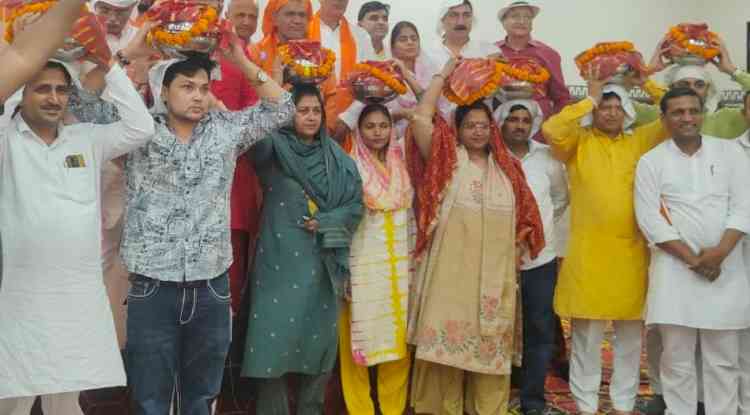 गुरु रविदास समरस संकल्प अभियान की पावन कलश यात्रा रोहतक जिले के 15 मंडलों के लिए रवाना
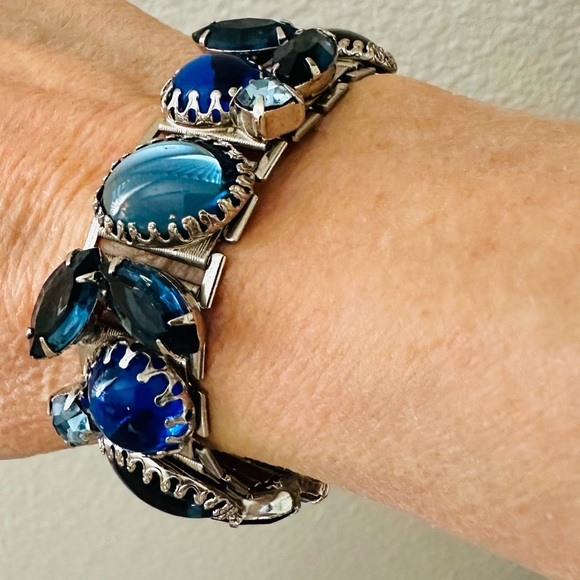 GORGEOUS Vintage Blue Crystal Bracelet - Picture 5 of 10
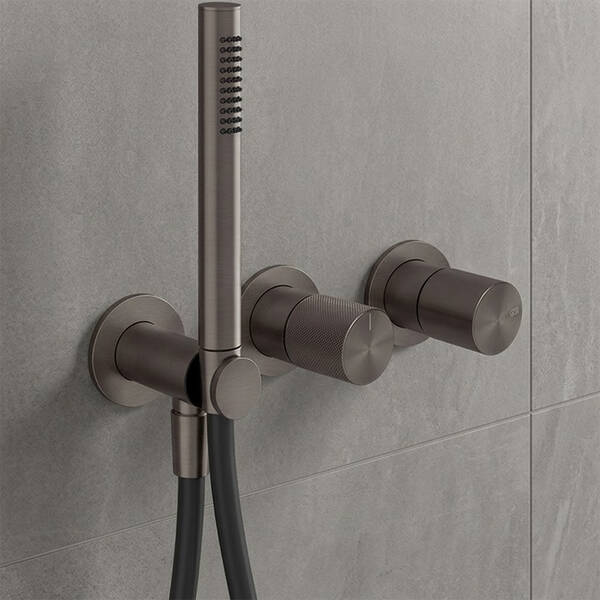 Змішувач прихованого монтажу для душу Gessi Diamantato 70638-707 з душовим набором чорний метал матовий, фото 1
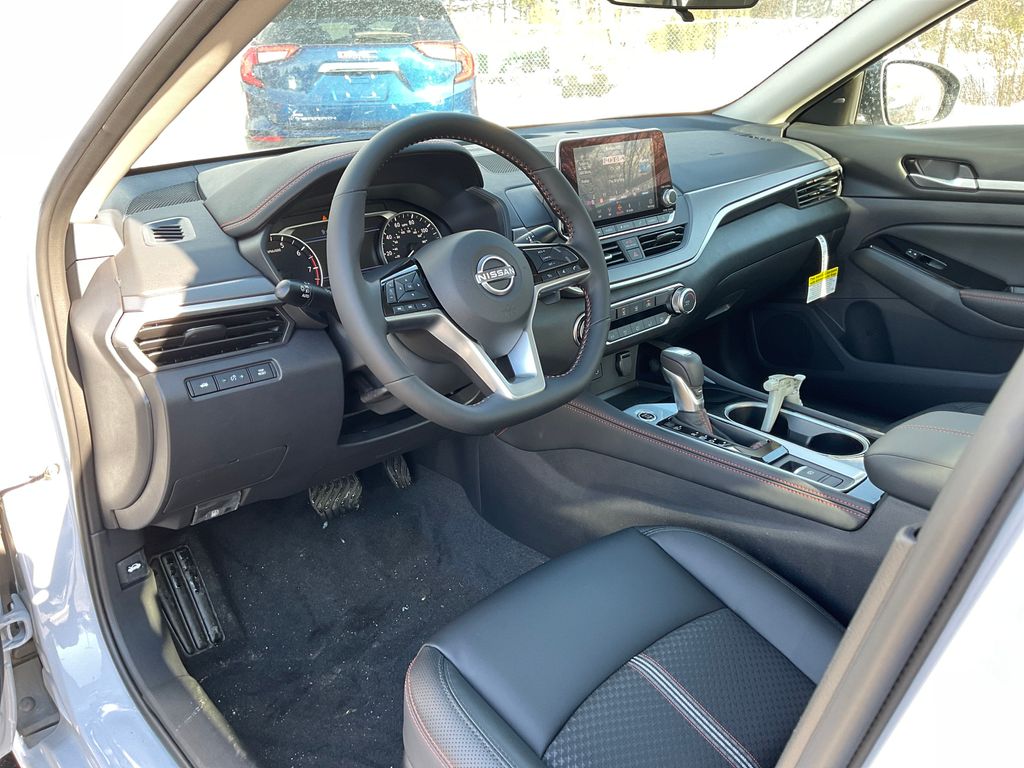 2025 Nissan Altima 2.5 SR photo 12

● Goal of the exercise: Beginning with the line that has "Змішувач прихованого монтажу", repeat each remaining line of the data above word for word, keeping pictures out.

● Exercise result:
 Змішувач прихованого монтажу для душу Gessi Diamantato 70638-707 з душовим набором чорний метал матовий, фото 1
 2025 Nissan Altima 2.5 SR photo 12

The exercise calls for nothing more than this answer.